The whole listing below is to be copied exactly, with every picture left out.

SOURCE DATA ->
◇ ◇ ◇ ◇

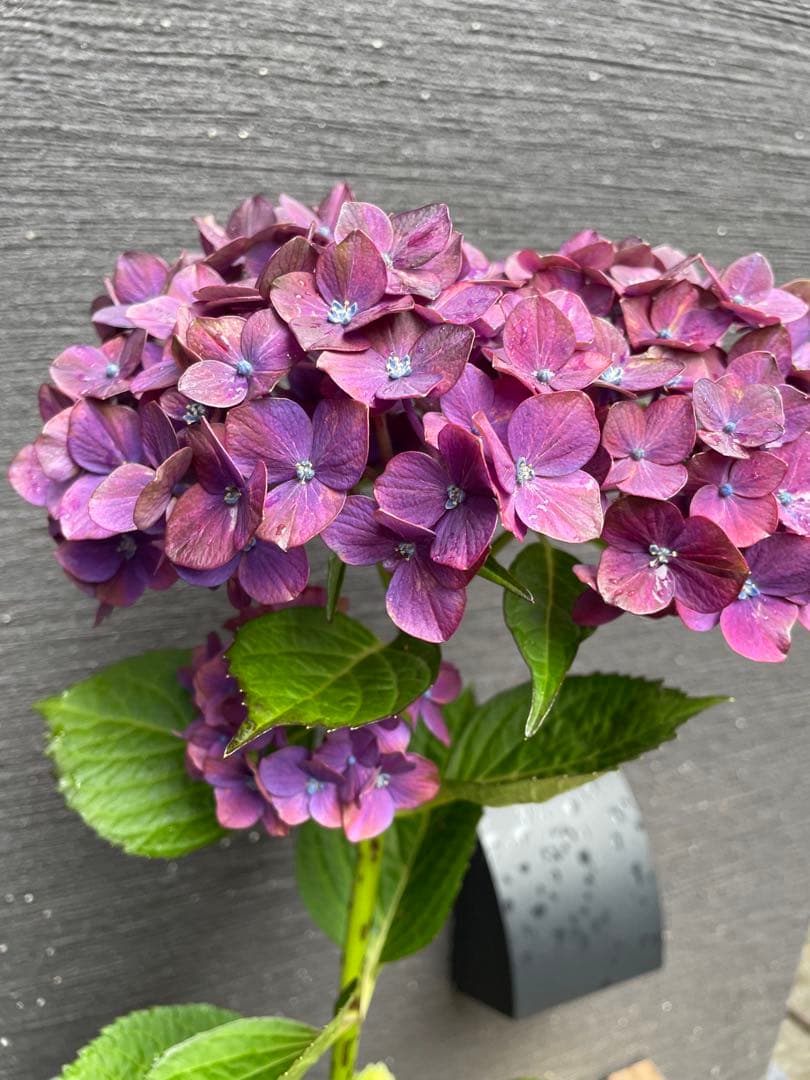 【花苗】4鉢限定　紫陽花　マジカルチョコレート　① 特大花　正規品　タグ付き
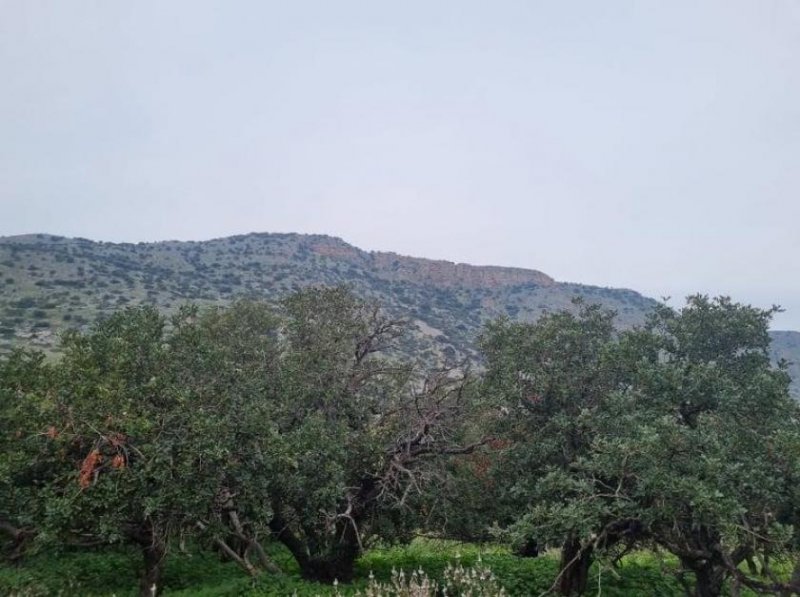 Plaka Elounda Kreta, Plaka Elounda: Baugrundstück mit Meerblick zum Verkauf Grundstück kaufen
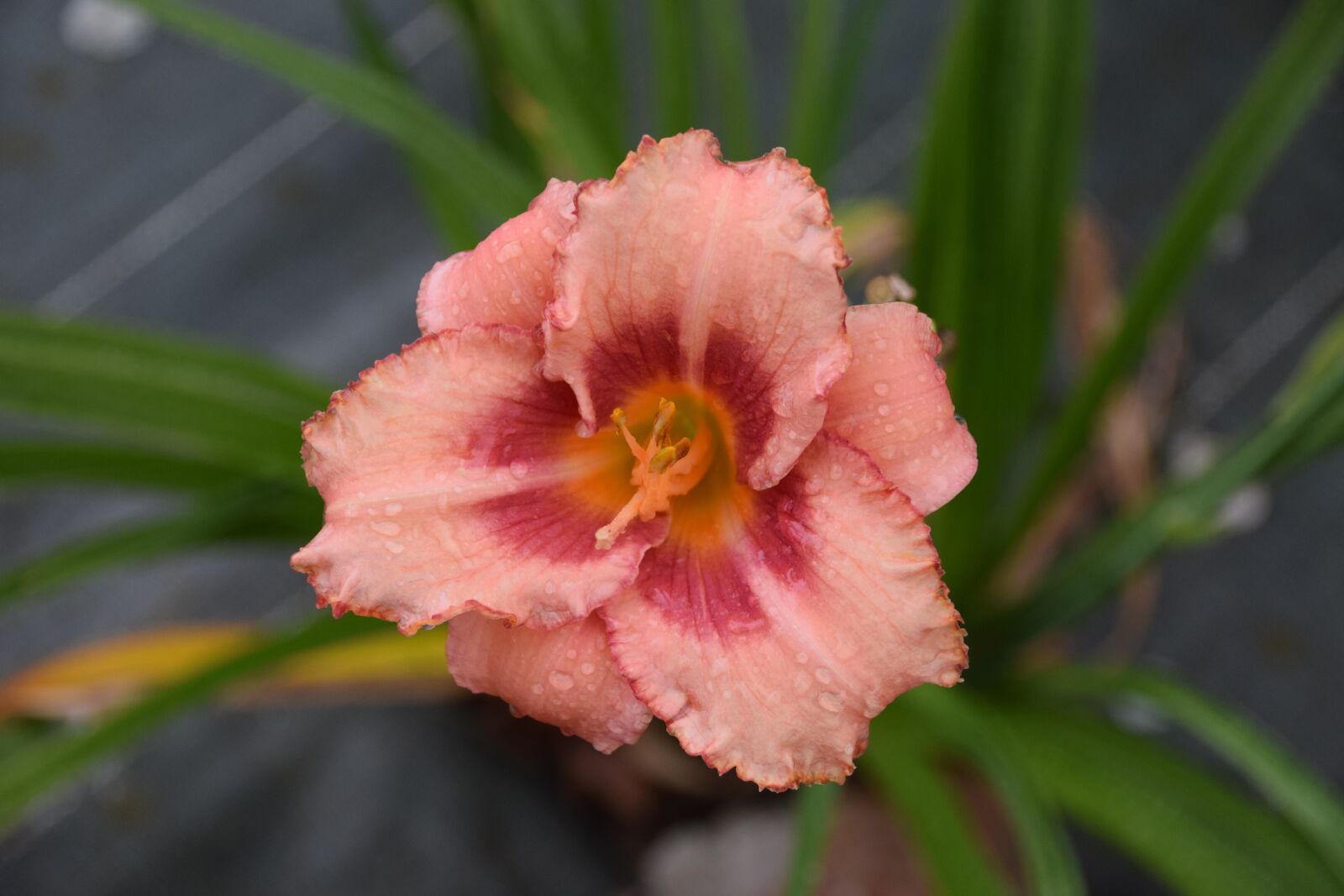 Nikon D5300 sample photo. Flower, summer, garden photography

◇ ◇ ◇ ◇

YOUR SOLUTION ->
 【花苗】4鉢限定　紫陽花　マジカルチョコレート　① 特大花　正規品　タグ付き
 Plaka Elounda Kreta, Plaka Elounda: Baugrundstück mit Meerblick zum Verkauf Grundstück kaufen
 Nikon D5300 sample photo. Flower, summer, garden photography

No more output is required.